The U.S. Drug Enforcement Administration agent wouldn't change his mind even after Rivers put him on the phone with his mother, who confirmed his story.
Rivers was never charged with a crime or formally detained in connection with the mid-April episode. He hired a lawyer to help get his money back, but experts say the process likely will take many months.
Unlike criminal forfeiture, conviction is not required in civil forfeiture. Under the law, the burden is placed on a property owner to contest the seizure within a set time period and prove the property was obtained legitimately. Property owners have no right to counsel or, in most cases, a pre-seizure hearing.
Sean Waite, the agent in charge of the DEA office in Albuquerque, declined to comment on Rivers' case. Officials say agents usually look for "indicators," such as whether travelers buy an expensive one-way ticket with cash, or if they are traveling to or from a city known as a hot spot for drug activity.
Rivers said the agent that day questioned many people in his Amtrak car, but asked to search only his bag. Among his video and music equipment, the agent found the cash — still in the withdrawal envelope from Chase Bank, Rivers said.
"I let him search the bags. I didn't want to seem like I wasn't cooperating," said Rivers, who believes he was targeted because he's young and black.
The agent also checked his record. A gun charge in 2011 landed Rivers two years in prison. He previously received probation for concealed-weapon and felony assault charges.
"That had no relevance to why he was trying to take my money," Rivers said. "I've changed my whole life."
Legislators take action
Experiences like Rivers' have fueled the legislative revolt.
In June, the Michigan House approved an eight-bill package to start reforming the state's seizure process. Michigan ranked among the five states with the least amount of citizen protections against civil forfeiture, according to a 2010 report by the nonprofit law firm, Institute for Justice.
In Congress, Walberg and Sen. Rand Paul, R-Kentucky, introduced a bill this session aiming to ensure the use of civil asset forfeiture is not abused.
"We want to restore people's faith in the system," Walberg said.
He said that because the agencies get to keep the cash or the sale proceeds of the property, they have a financial incentive to "police for profit" by seizing as much as possible.
The Fifth Amendment Integrity Restoration Act, or FAIR Act, would raise the burden of proof in civil forfeiture cases to a "clear and convincing" standard. It would end the program that allows state and local law enforcement agencies to share in up to 80 percent of the proceeds of forfeiture cases they transferred to the federal government.
Supporters of the bill include liberal Democrats such as Rep. Keith Ellison of Minnesota and a diverse array of groups from the National Federation of Independent Business, the libertarian-minded Freedom Works, the American Civil Liberties Union and the Heritage Foundation.
Michigan law enforcement agencies under state law seized or shared in seizure proceeds totaling more than $24 million in 2013, the latest year for which data are available from Michigan State Police.

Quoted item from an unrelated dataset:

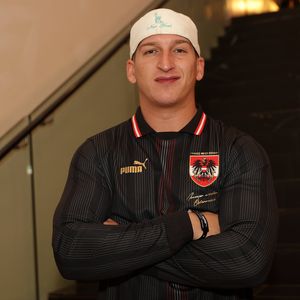 Satansbratan sitzt nach Unfall in Thailand im Rollstuhl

The statistics cover only seizures allegedly connected to drug crimes and not other state laws authorizing civil forfeiture.
"It's bad," said Lee McGrath, legislative counsel for the Institute of Justice. "The problem is a person can be acquitted of all criminal charges in Michigan and still lose all their seized property in civil forfeiture."
Michigan lawmakers are looking to revise the law by raising the seizure threshold in relation to drug statutes to "clear and convincing evidence." The state House package of bills also would boost reporting and transparency requirements for agencies executing seizures — a concept supported by the Michigan State Police, said Sgt. Amy Dehner, legislative liaison for the agency.
Her agency, however, would have a harder time swallowing revisions to deposit the proceeds from civil forfeitures into the state's general fund, rather than going directly to law-enforcement agencies. Part of the concern is the money doesn't always "trickle down" as intended, she said.
Other states have looked at adding extra protections for residents, such as lengthening the time to contest a forfeiture or shifting the burden of proof.
Chuck Canterbury, national president of the Fraternal Order of Police, told the U.S. Senate Judiciary panel in April that his group agrees with the need for reform, but questioned why Congress wants to make it harder for officers to do their jobs.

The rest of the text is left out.